The Pac-10's dominance of women's volleyball is almost unrivaled in college sports:
● Five of the past seven NCAA champions have come from the Pac-10.
● Since 2002, seven different Pac-10 programs have reached the Elite Eight.
● In the past 18 years, the national champion has come from the Pac-10 Conference 11 times.
● Three times in the past four years, three Pac-10 teams have reached the Final Four.
The amazing part of Dosty's injury is that it could be, long term, the best thing to happen to Arizona. She started playing volleyball in September 2004, the fall of her junior year at Salpointe Catholic High School.
By simply watching a season's worth of matches from the bench, Dosty saw more volleyball up close than she ever had in her life.
That came after — as a freshman two years ago — Dosty said she learned "twice as much" about the sport in one month than she did in high school.

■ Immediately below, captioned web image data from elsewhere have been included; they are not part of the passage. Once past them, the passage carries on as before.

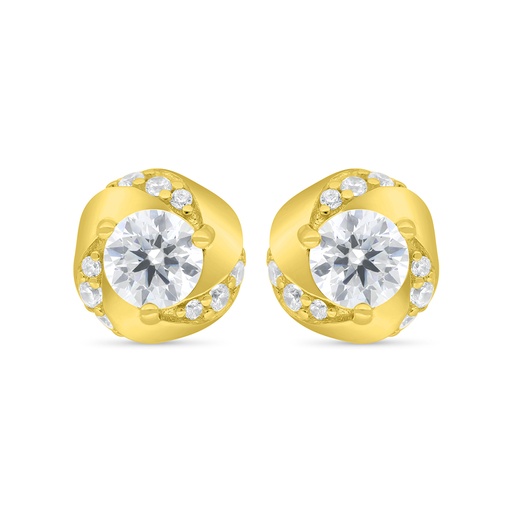 [EAR02WCZ00000C407] Sterling Silver 925 Earring Gold Plated Embedded With White Zircon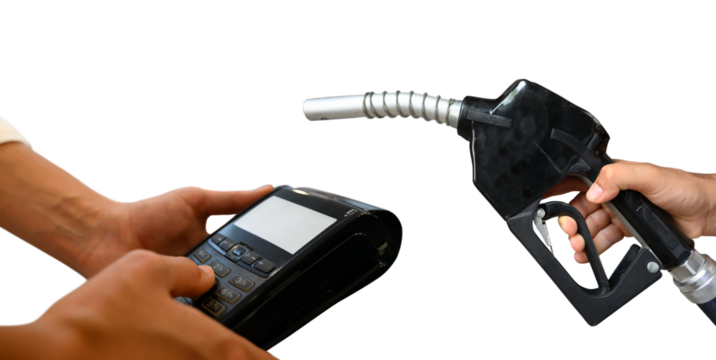 Bank pos ready to pay for a car fuel refueling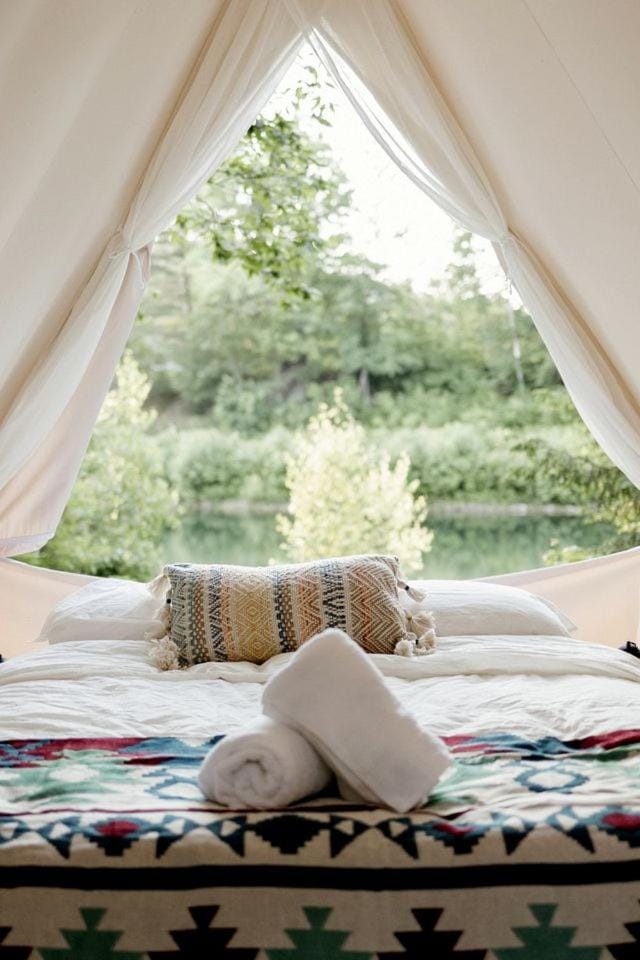 Idyllic Safari Tent with Sauna and Amazing Views in North Woodstock, New Hampshire Luxury tent in Woodstock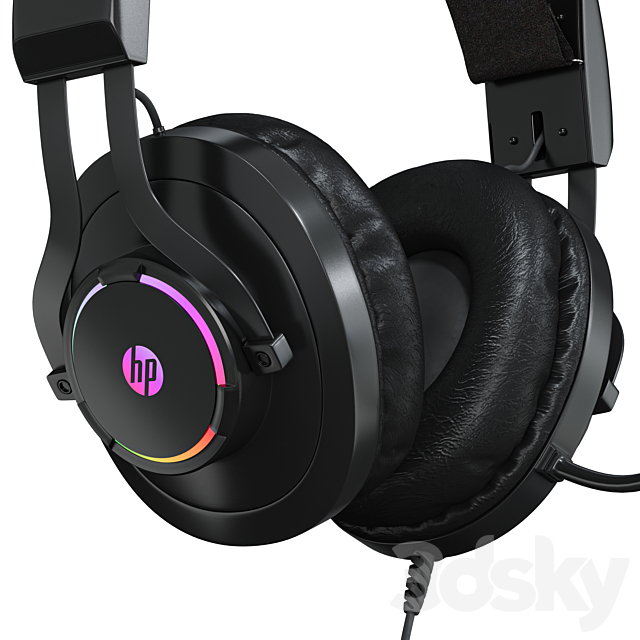 Headphones HP H360 3DS Max Model - thumbnail 4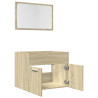 Set de muebles de baño 2 pzas madera contrachapada roble Sonoma 5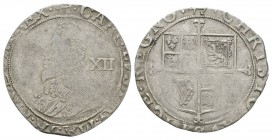 English Stuart Coins - Charles I - Tower - Middleham Hoard Shilling
1638-1639 AD. Group E, type 4.1. Obv: profile bust with XII behind and CAROLVS D ...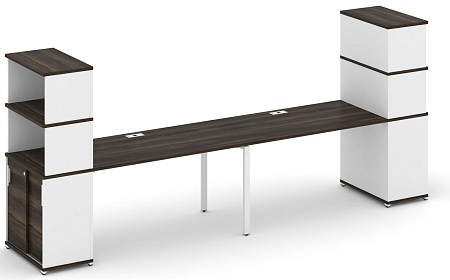 Рабочая станция с опорными шкафом купе с надставкой высокой CN.ORS-243 B/W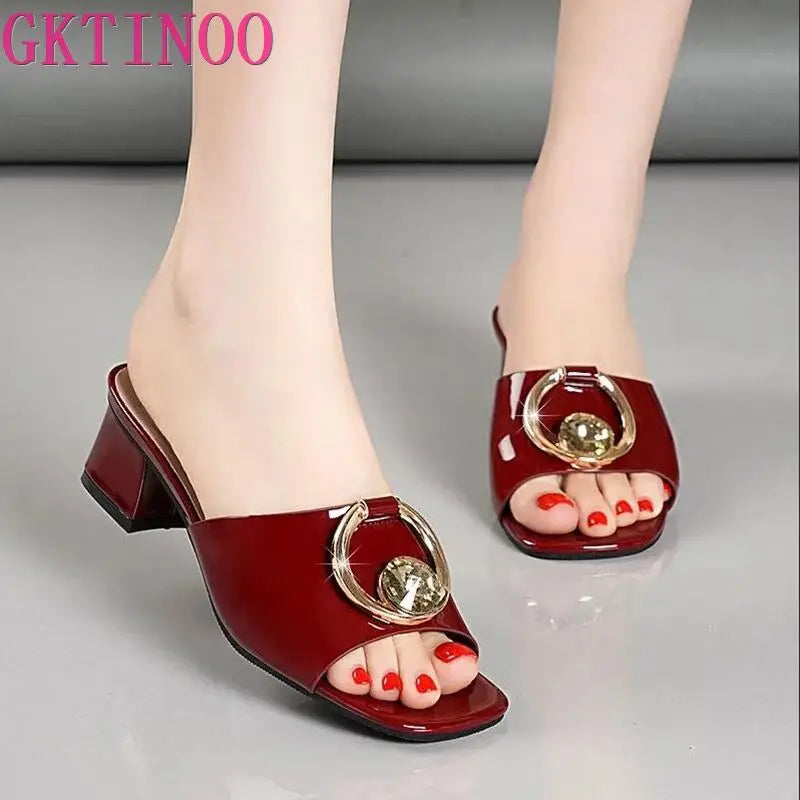 GKTINOO Women Shoes Sexy Patent Leather Female Flip-flop Slippers Summer Fashion High Heels Slides For Ladies Comfortable Sandal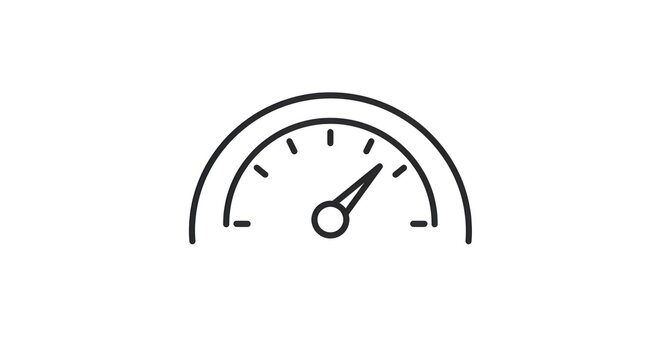 Simple Black Speedometer Icon on White Background.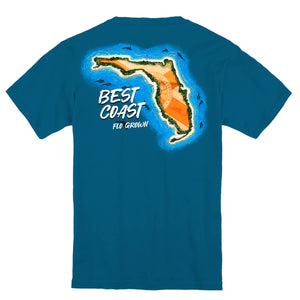 Blue youth tee with an outline of Florida with the Florida flag within it and the text 'BEST COAST' on the back.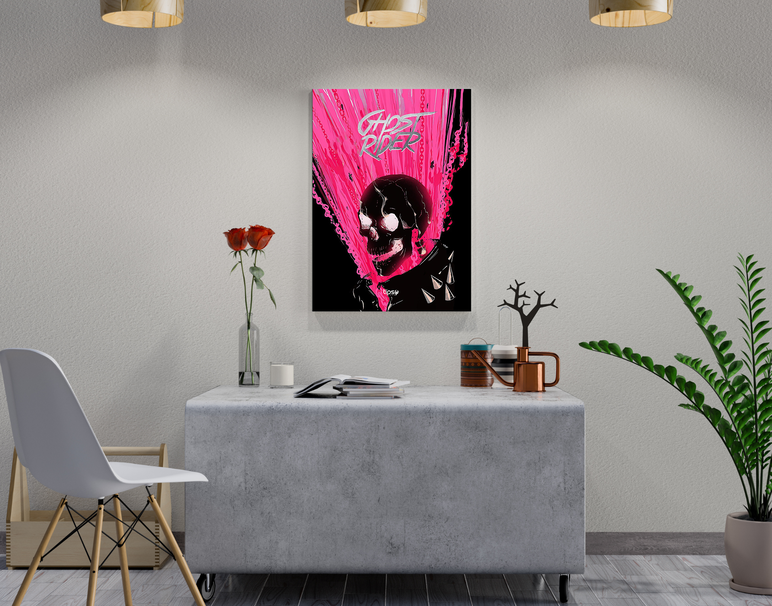 "GHOST RIDER - VINTAGE" -Shiny & Sturdy Metallic Poster Art That Pops & Sticks
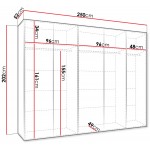 Ντουλάπα Sandi III 250 Πεντάφυλλη-Κασμίρ 250x52x202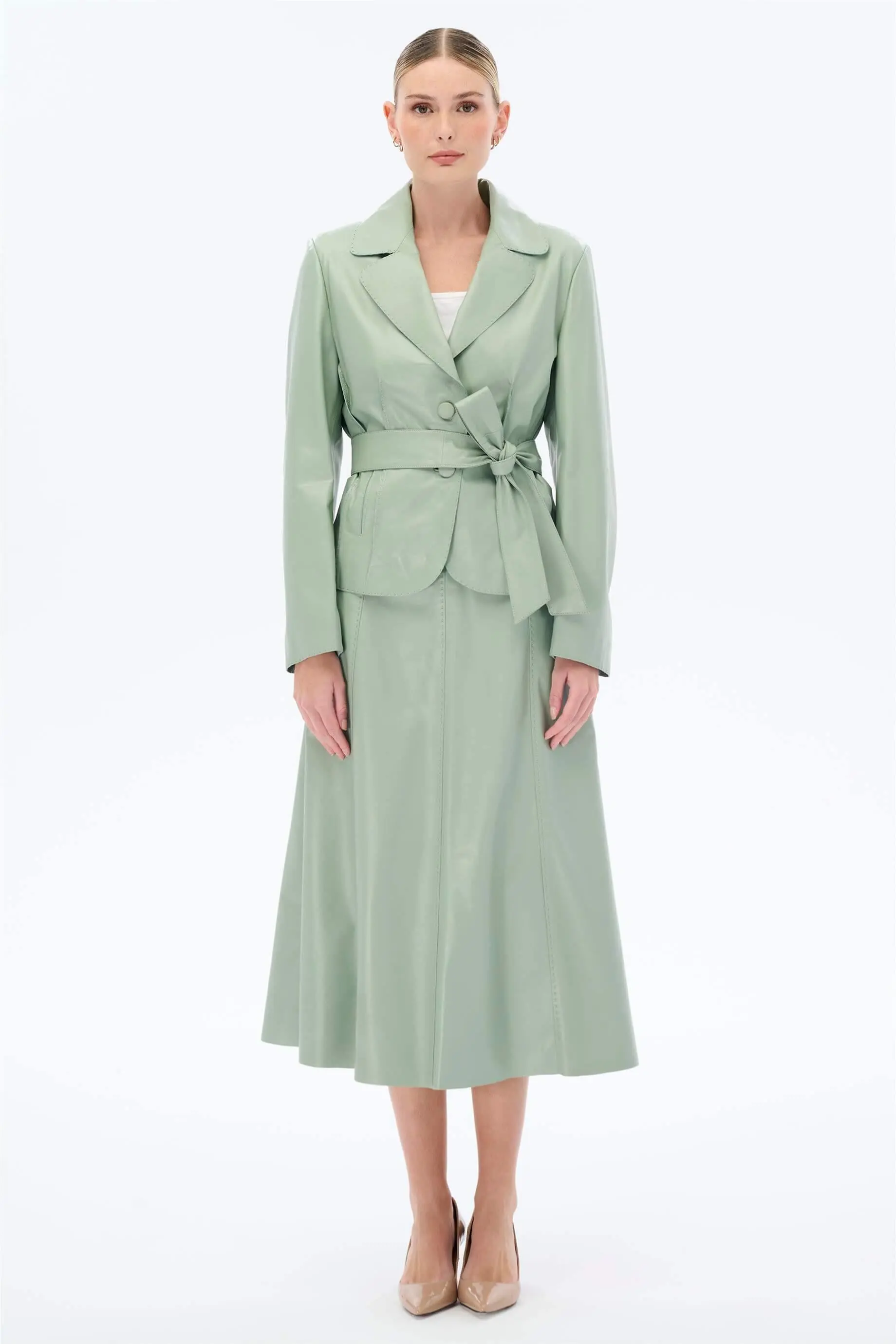 Leather Jacket & Midi Skirt Set Mint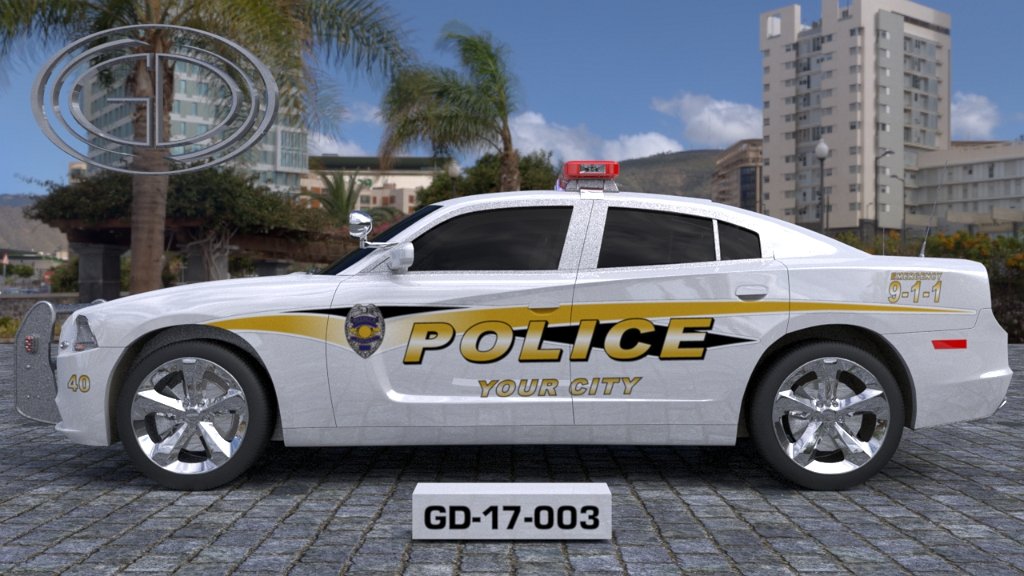 sideview design of a your city police car GD-17-003
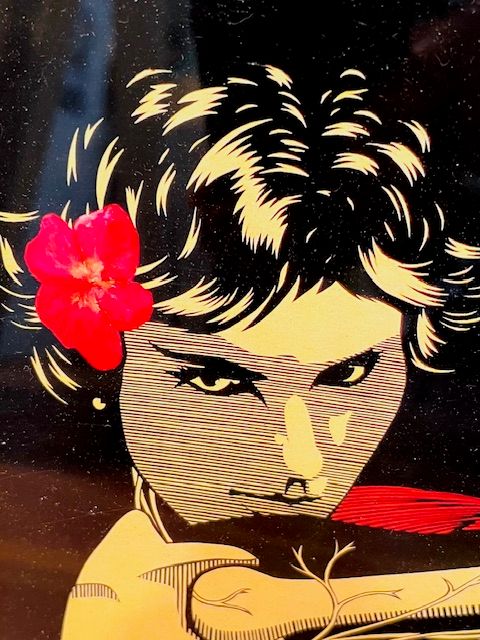 "Womans Stare" Nickolai Walko Scrafito Etched Paintings Framed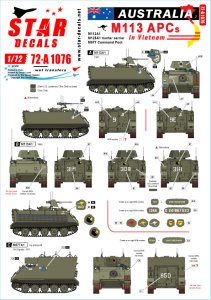 画像1: STAR DECALS[SD72-A1076]1/72 ベトナム戦争 ベトナムでのオーストラリア軍♯2 M113APC/M113A1/M125A1自走迫撃砲/M577コマンドポスト (1)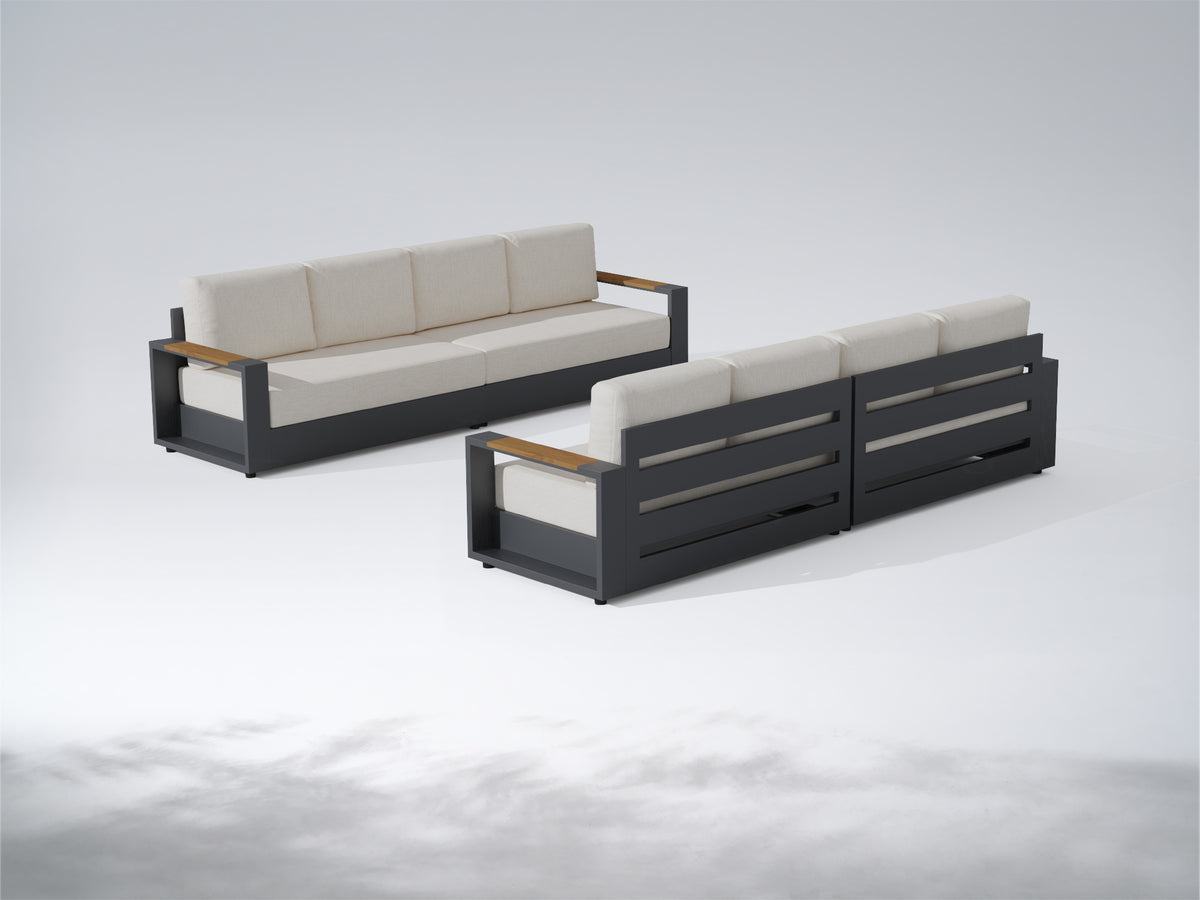 A modern outdoor sofa set consisting of a three-seat sofa and a matching chaise lounge, featuring dark charcoal gray frames with light beige cushions and natural wood arm accents, set against a light gray studio background. #config_8‑Seat Straight Bundle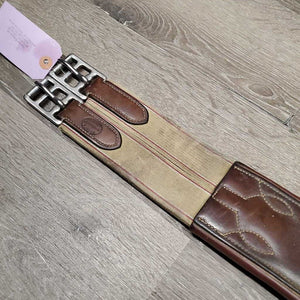 Thick Padded Girth, 2x Els *gc, dirt, stiff & discolored spots, rubs, scratches, scrapes, stains, older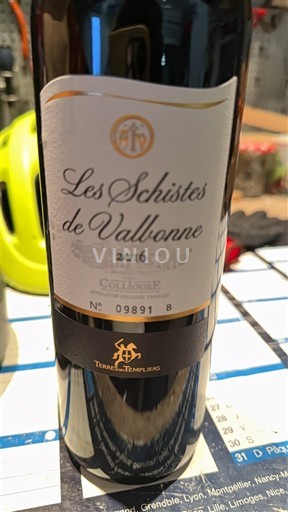 Roussillon Collioure Terres des Templiers Les Schistes de Vallonne 2016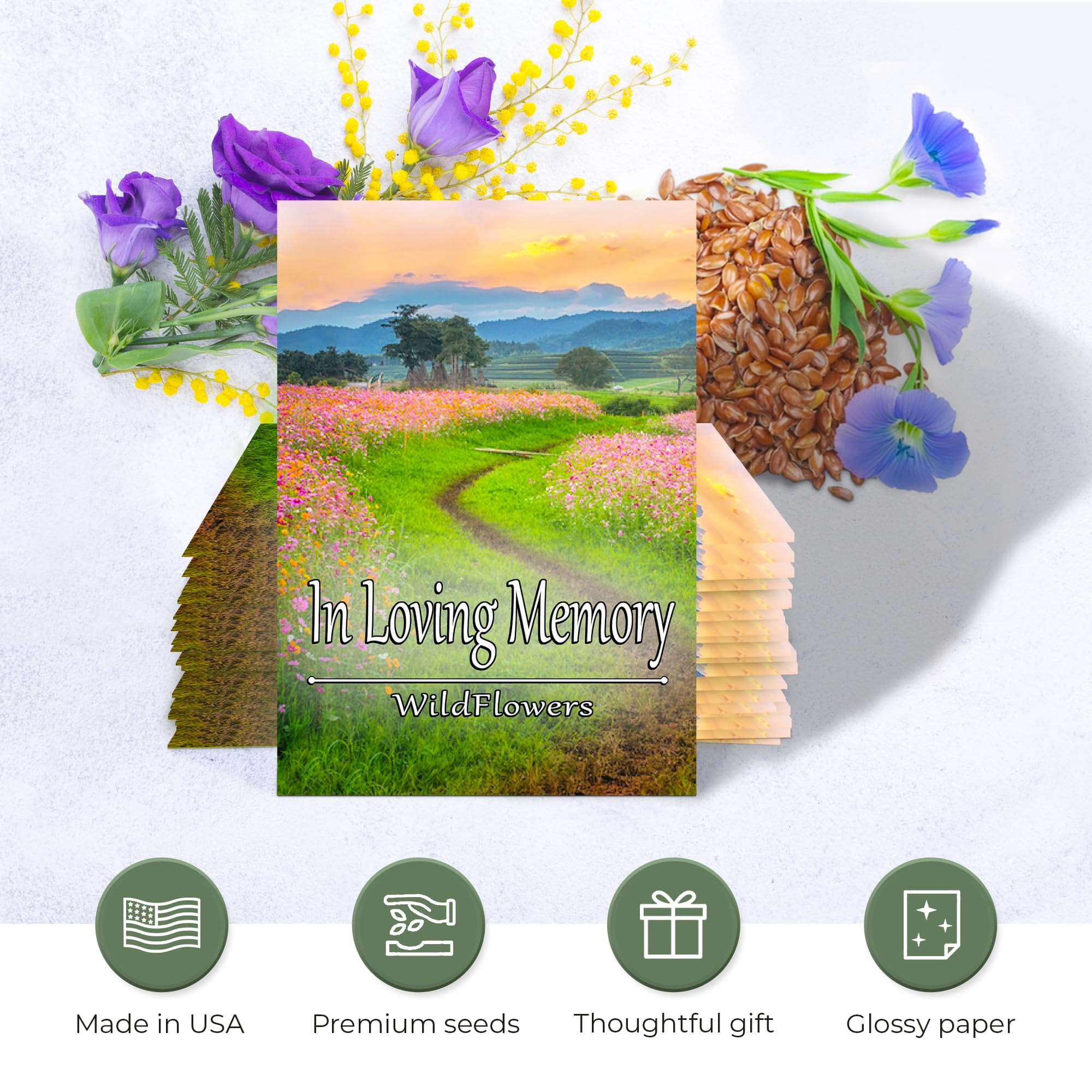 Pack of 20 Pre-Filled Seed Mix Packet Wildflowers Plant for Funerals, Memorial Services "in Loving Memory Flower Path" Also Serves Thank You Celebration of Life Favors Plant Seeds Year-Round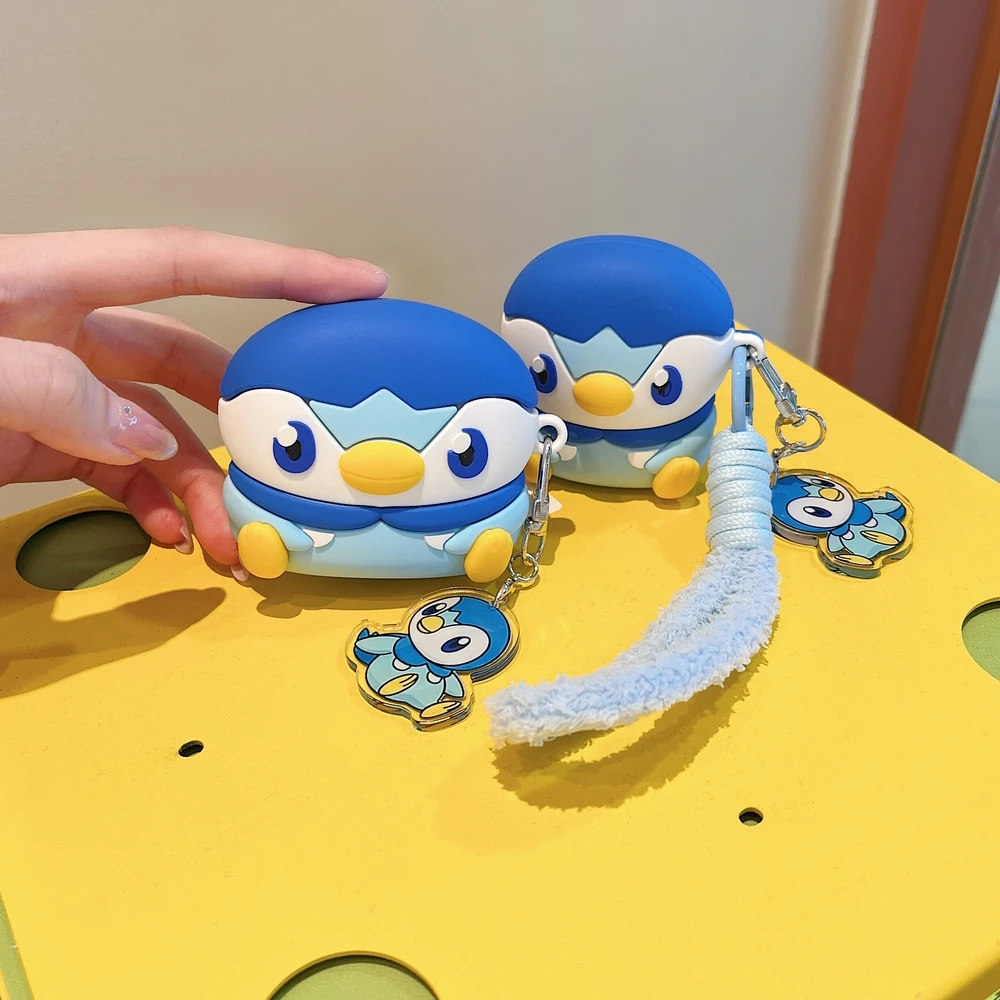 3D Cute Pocket Monsters Pokemon Piplup Earphone Case For Airpods 4 2 3 Pro 3 2 Wireless Bluetooth Headset Protective Cover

With an extra year of experience because of her redshirt season, Dosty as a senior could reach — or eclipse — the accomplishments of the UA's three seniors from the 2005 Final Four team. Kim Glass, Bre Ladd and Jennifer Abernathy all rank among the top 20 players in the program's history.
Rubio said that, like Glass — who won a silver medal with the U.S. volleyball team at the Beijing Olympics last week — Dosty's best volleyball will likely come in her mid- to late-20s.
Dosty already has the Olympics circled — be it in 2012 or 2016.
"She's still a long ways away from being where she's going to be," Rubio said. "But she's a lot closer to it than she's ever been."